Not Much, But Well Deserved, Hype
To be honest, I didn’t even know pfSense had a load balancer built in until I was poking around in the settings and found it in the service menu. It’s not a feature that comes to mind right away when picking pfSense, but it really should be. I’ve found the default load balancer to be excellent in handling traffic. It balances well, keeps a user talking to a single host (a consideration with SSH), and fails over without delay. Since we already pfSense, enabling it was no big deal. We set it up to automatically balance traffic coming in on our virtual IP’s to the correct server based on the port. Since the processing is done in the firewall, there isn’t any additional machines or setup to do on the network.
An important ability is for pfSense to reroute traffic once an application server (the server you talk to after the load balancer) fails. I ran a few tests, but I don’t have the means to set up a better environment and compare it to other solutions, so these results should be taken with a grain of salt. I’ve found failoverto take just a few miliseconds to not only detect a down node but to reconverge. I tested this by abruptly stopping one of my application servers to see how quick pfSense would detect that it was down. Using the default ICMP monitor, pfSense knew it was down before I could even make it over to refresh the page on the firewall. This means that I can, in theory at least, fail over heavily utilizied links with dropping just a few requests.
The other major feature that makes pfSense so wonderful is it’s ability to fail over, including the load balancer, to another host on failure. This isn’t the same as failing over a service to a new host, this is failing over the entire load balancing operation. This means with CARP, you automatically get a redundant load balancer without having to configure anything. This fails over just as fast as pfSense (a few packets, not a few seconds) and keeps everything lined up since it syncs everything automatically.
I still can’t get over how awesome this is: I can have redundant firewalls with redundant load balancers sending traffic to renduant application servers with everything failing over in a matter of miliseconds. That’s at least N+1, closer to 2N redundancy without any expensive equipment or any proprietary software or protocols. There’s no software to install on the pool nodes and virtually no configuration.
Speed is Killer
One of the great things I love about this setup is its speed. It only takes a moment to detect a failure and adjust accordingly. This blows any solution that relies on VMWare’s or Proxmox’s HA software to detect the failure and restart the machine. Since those have to wait for the node to go offline, confirm that it’s offline, and restart the node they can take a few seconds or minutes. That doesn’t sound like a lot, but that’s still an interruption to your users. Since Storehouse can fail over so quickly, we’re not likely to drop a single request from a user, which is pretty awesome.

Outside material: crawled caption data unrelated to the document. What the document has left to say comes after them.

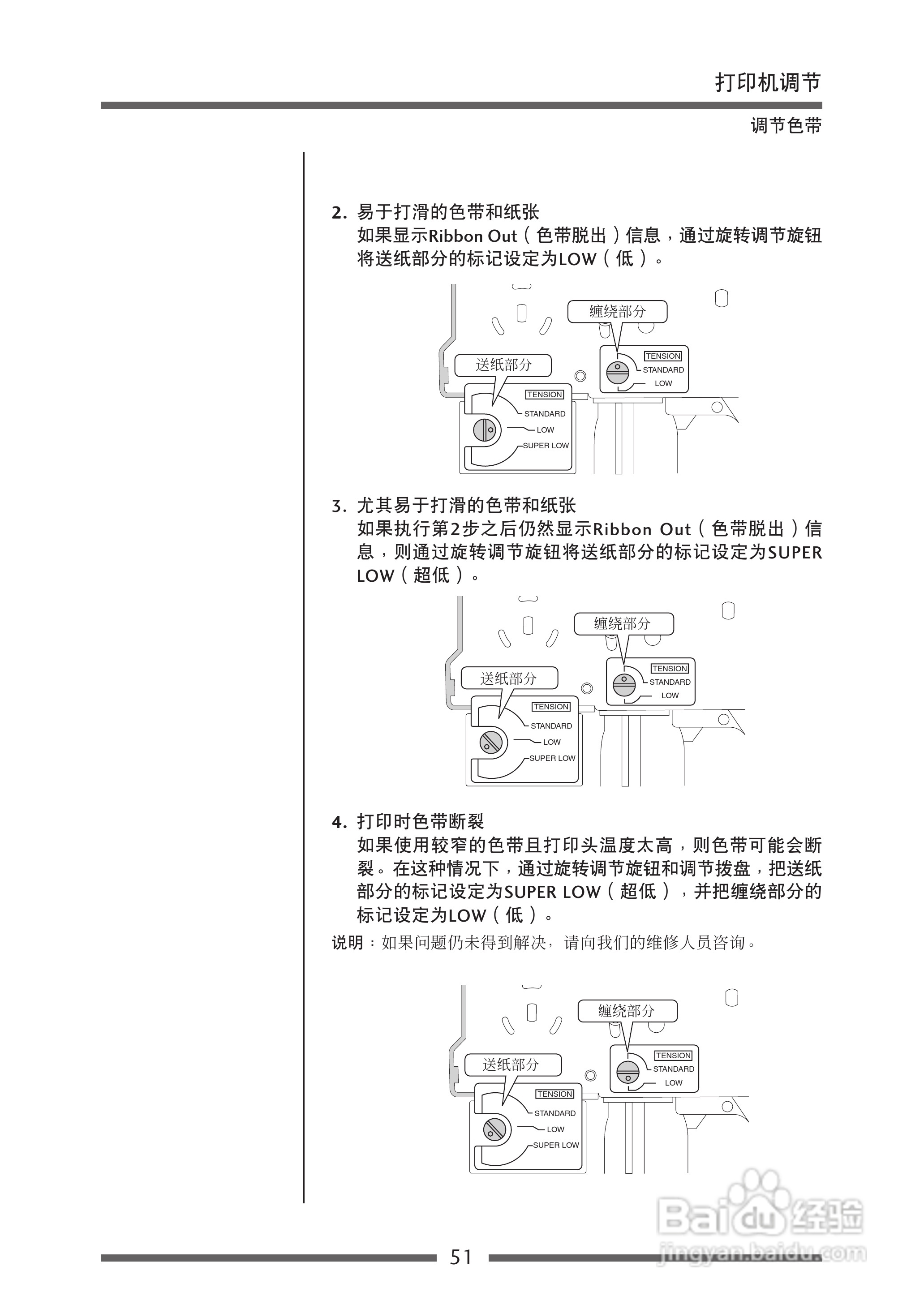 CITIZEN CL-S700热传印条形码及标签打印机用户手册:[6]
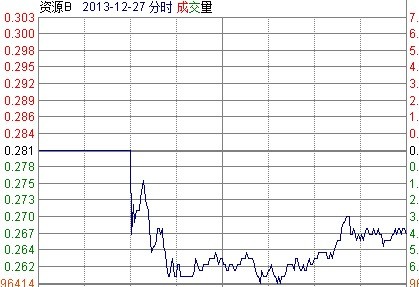 太原业余基民: A类基金低折收益如何计算 以15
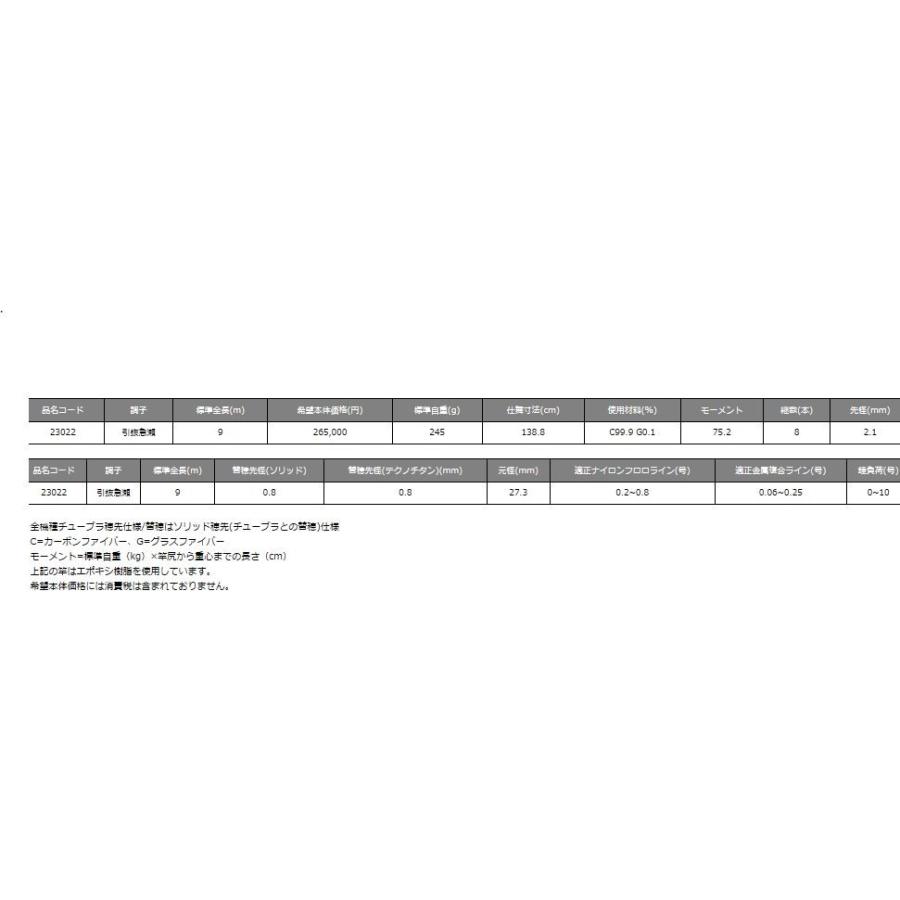 がまかつ 鮎竿 がま鮎 競技スペシャルV6 引抜急瀬 9m / 送料無料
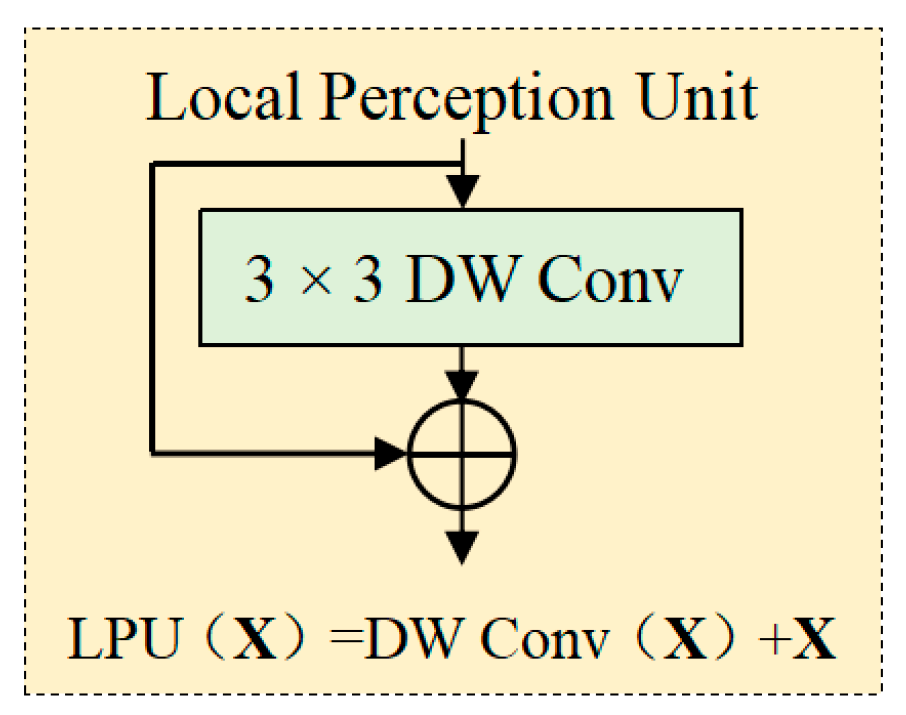 Plants 14 02252 g005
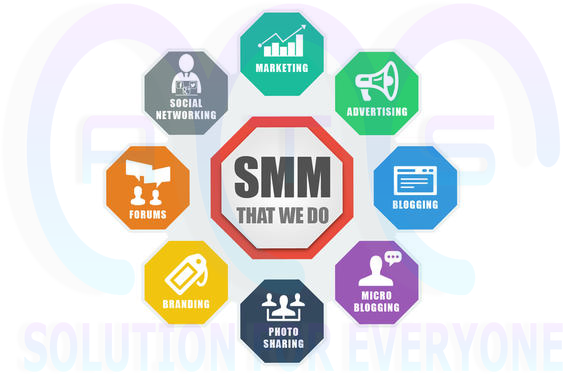 ArthtechS's tweet photo. Strategies For SMM:
Set Social Media Goals And Objectives
Social Media Strategy Development
Social Content Creation
Create Or Improve Your Social Accounts
Choose Channels &amp; Tactics
Research Competition
#smm #socialmediamarketing #digitalmarketing #seo #socialmedia #marketing https://t.co/gjzRXJDZdt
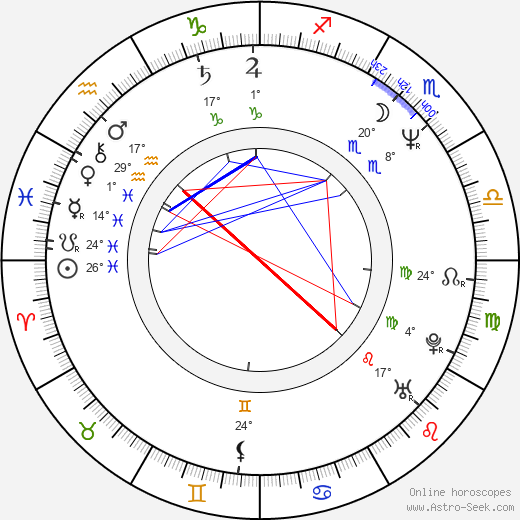 Carol Needham birth chart, biography, wikipedia 2024, 2025
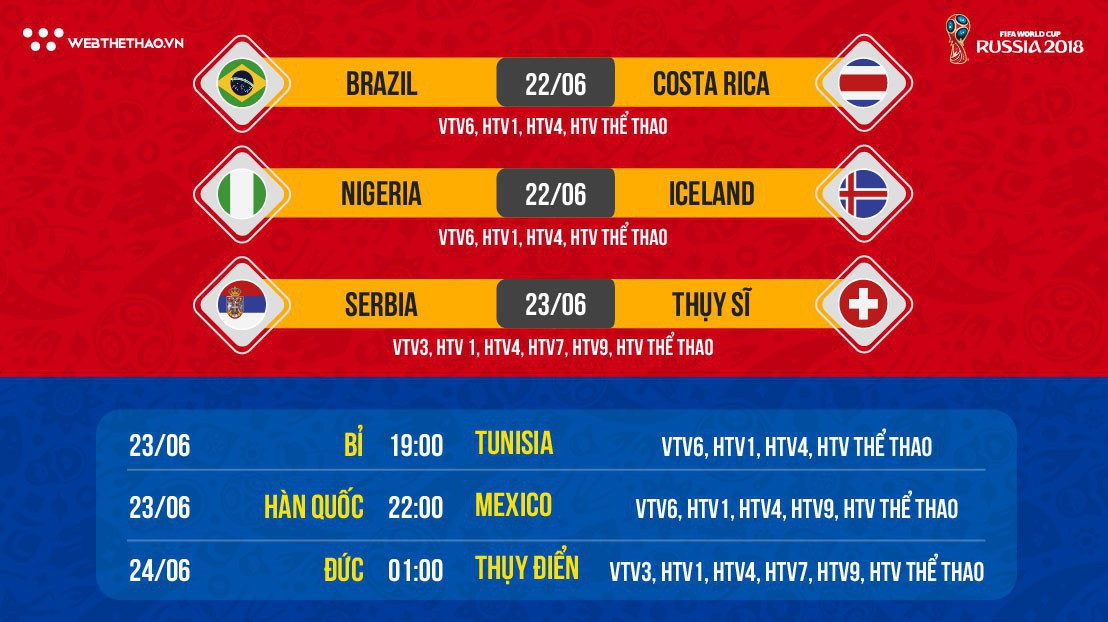 Lịch thi đấu World Cup 2018 mới nhất hôm nay 22/06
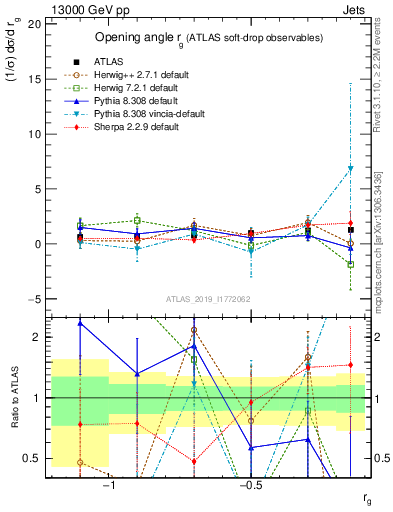 Plot of softdrop.rg in 13000 GeV pp collisions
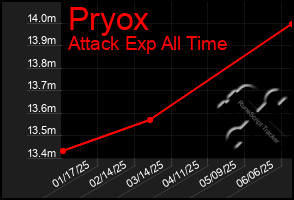 Total Graph of Pryox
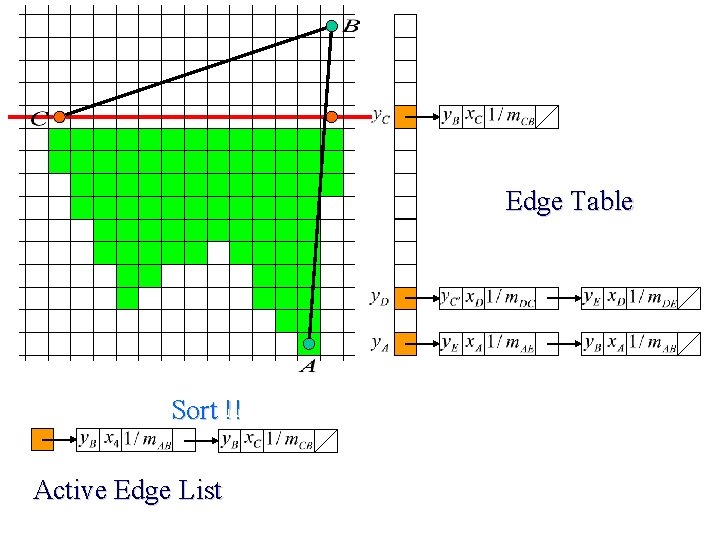 Edge Table Sort !! Active Edge List 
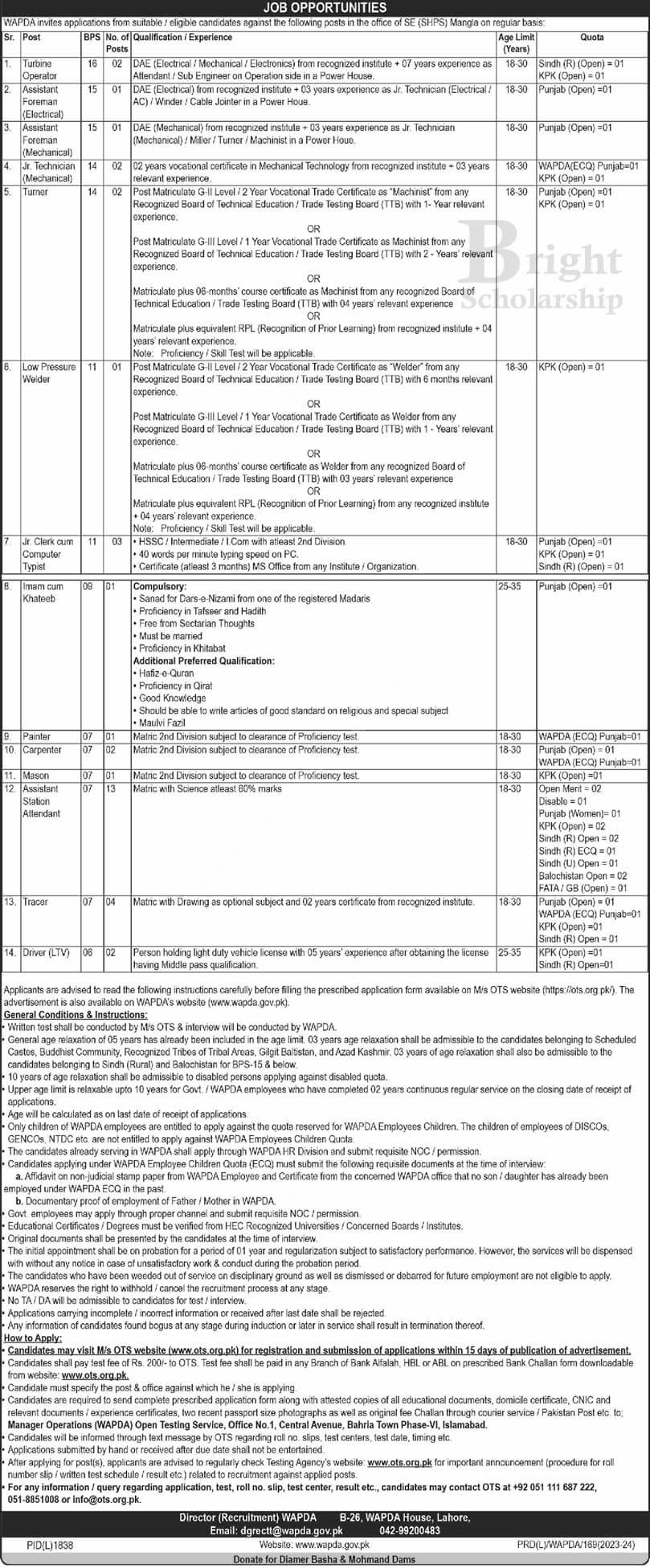 WAPDA Jobs December 2023 Advertisement:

I’ve been running the pfSense balancer on Storehouse for a couple of months now, and have had no issues with its speed during a number of simulated and actual failures. I would recommend this to anyone, especially if you’re already running pfSense since it’s built in. If you’re running redundant pfSense installations, even better: you just got yourself a 2N load balancer fore free. Compared to a hardware solution or a more hacked Iptables solution, it’s a no brainer to make the change.